These teachers were fortunate. Their children turned up fed, watered, motivated, loved, cared for, with a head full of cultural experiences and a heart full of hope. On the whole, these teachers didn’t really have to worry about rates of progress for a dozen different ethnic groups, non-English speakers, SEND pupils, traveller families, 60%-plus free school meals, low attainers, CP and Prevent referrals, persistent absence or a revolving door of new admissions due to high rates of pupil mobility. For them, it’s pretty much a case of boy/girl and that’s it. I can think of several ‘outstanding’ schools I inspected where children did well not as a result of good teaching, but despite it.

I know your intentions to tackle workload are entirely honourable and for that you deserve much credit. I’ve worked under every single HMCI since Ofsted began, and it’s really rather refreshing to hear such compassion from the person at the top. The problem you have is that your workforce – as best intentioned as they are – simply are not, and never will be sufficiently skilled enough to be able to assess workload. 

Let’s face it, some of them can barely go about their core business of judging accurately teaching, learning, leadership etc. in a way that is both consistent and fair. Take annual inspector training days. There’d be a room full of over a hundred inspectors, we’d all watch a lesson and there’d be a four-way split on the judgement. I got more right by tossing a coin. So why throw something else in the mix? I bet you’ve got more than enough on your plate at the moment, like introducing yet another framework and sorting out the illegal complaints procedure. (Which you really want to get fixed if you go ahead with the workload proposals as it’s certainly going to be put to lots of use.)

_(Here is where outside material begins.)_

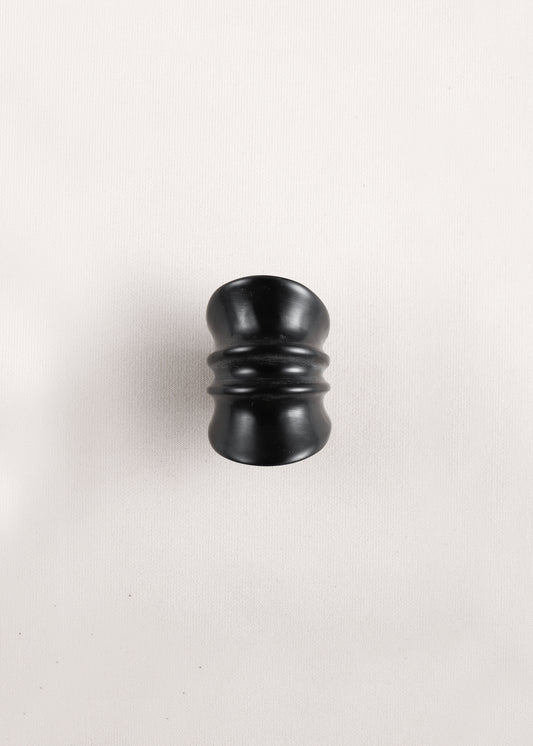 Black buffalo horn Hornridge ring by RIVERLAKE, featuring a smooth, polished finish and unique organic shape.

So please stick to your remit and don’t get side-tracked. Instead, make an effort to ensure that the next framework really is the last one we’ll ever have because at long last Ofsted will finally agree on what it is you are looking for. And if you really are serious about helping us reduce workload, don’t talk to us. Instead, go and talk to the Department and tell them.

Please don’t get bogged down with focussing on workload. Besides, I always thought it was for schools to decide what they did and how they went about it, not Ofsted.

For the sake of all those thousands of teachers working in challenging schools (and indeed for those that aren’t), please don’t do it.

Yours etc.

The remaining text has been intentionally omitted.